A conditional probability is just a probability conditioned on something—in this case, conditioned on whether the sentence is positive or negative. We're actually pretty much set up to compute these probabilities with the data we have in front of us because I've already split it up into positive and negative tables. So all we have to do is compute a probability for the positive table, and that'll be conditioned on, you know, a positive sentence. We compute probabilities for the negative table, and that's conditioned on a negative sentence.

I think you'll see what I mean in a second when I actually go through the math. So let's actually just start thinking about these probabilities. Let's say I have a positive sentence, and I want to know what's the probability that it has the word "love." Well, we have six positive sentences in total. You know, every six rows in the table and four of them have the word "love" in them. So four out of six is the probability that a positive sentence will have the word "love."

Now let's say we want to know the probability that a positive sentence will have the word "hate." Well, there's six positive sentences; still, only one of them has the word "hate" in it. So there's a one out of six chance that a positive sentence will have the word "hate." We could go through and do this for some negatives, so there's like, you know, three out of six negatives with the word "hate," so three out of six probability that a negative sentence will have the word "hate."

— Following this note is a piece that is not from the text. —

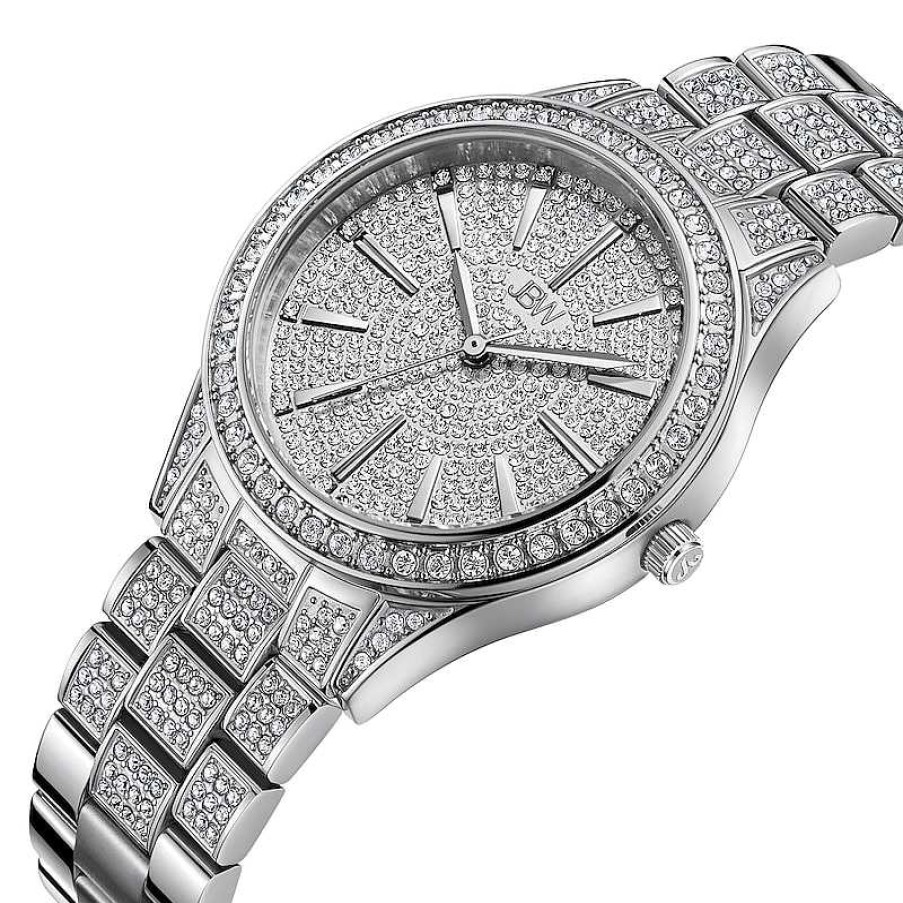 JBW Ladies' Jbw Cristal 34 1/8 Ct. T.W. Diamond And Crystal Watch With Silver-Tone Dial (Model: J6383C) Watches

We would get probabilities like the ones I've written at the bottom here, just the probability of, you know, basically how many, you know, out of all of the entries in that column how many of them have a "yes" in there. So this is what we get, and these are our conditional probabilities, you know, the conditional probability of seeing each word given the, you know, the sentiment of the sentence.

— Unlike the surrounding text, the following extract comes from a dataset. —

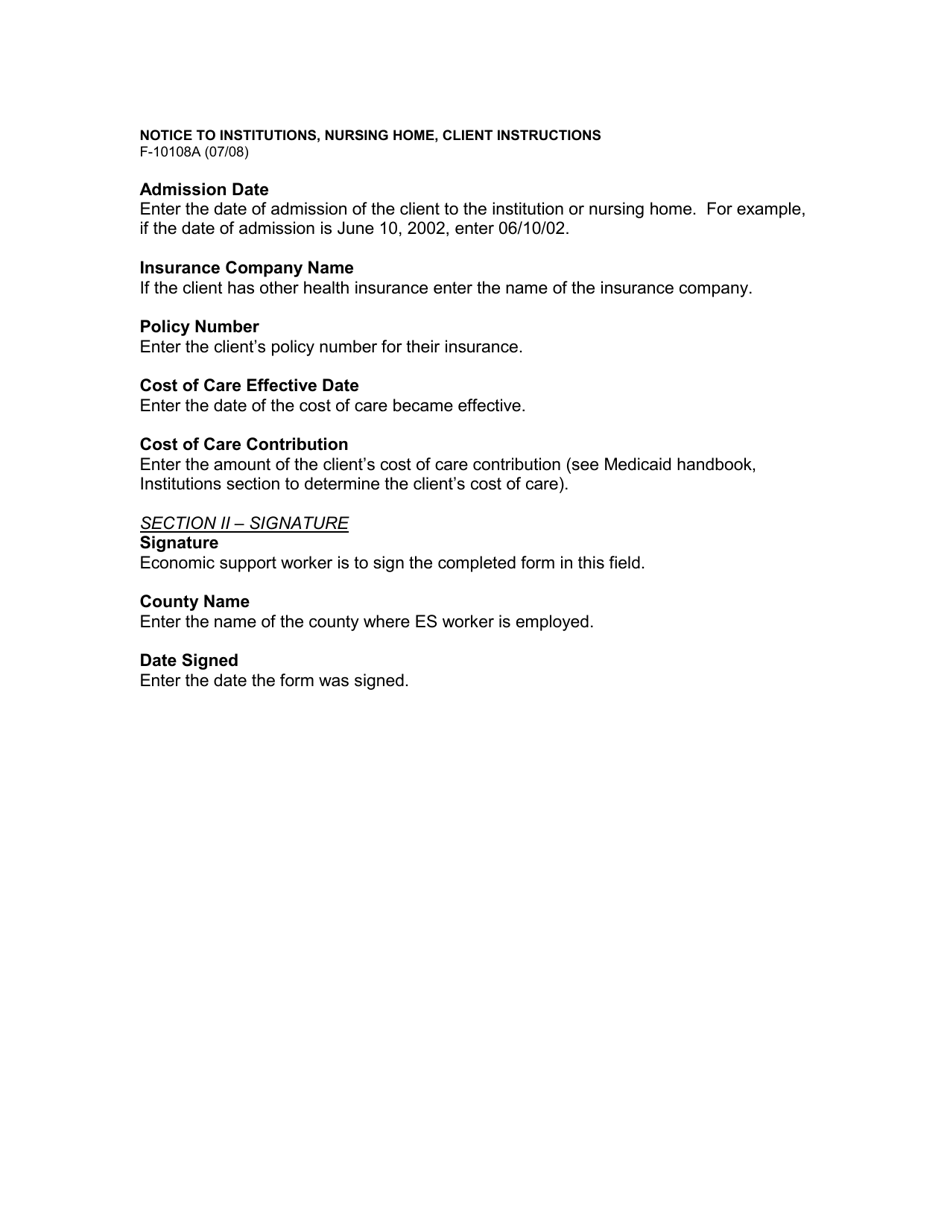 Instructions for Form F-10108 Medicaid Manual Notice for Cost of Care Contribution - Wisconsin, Page 2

Now we're pretty much done looking at the actual data. We've basically gotten these probabilities from this data, and we don't need the data anymore. So I'm just gonna make a more compact version of these two tables just with these probabilities we came up with and not with any of the data.

You can see our four out of six for "love" and positive is still there. Our three out of six for "hate" and negative is still there. All of our stats are still there. I just got rid of all of the "yeses" and "noes" that we had from our data. Now I pretty much need to touch on two pretty basic probability ideas.

The first being if I have the probability of something happening, I can easily figure out the probability of that not happening. Because if I know the probability of "love" appearing in a positive sample is four-sixths, then there's two-sixths left. So I know the probability that "love" doesn't appear is, you know, 1 - 4/6, which is 2/6.

I can create those tables here just for you to see, you know, if I subtract the probability of a thing happening from one, what I get out is the probability that thing doesn't happen. This is the idea of complementary probabilities; it's pretty basic, and we're going to be using this a lot.

The second thing I want to talk about is not something I can really easily make a slide for, but it's the idea of independence. So let's say I have a coin, and you know, there's a 1/2 chance I flip heads and a 1/2 chance I flip tails. Well, if I asked you what's the chance I flipped heads three times, I would flip it one time, flip it a second time, flip it a third time, and not know. One of those flips influences another flip; you know, they're independent events.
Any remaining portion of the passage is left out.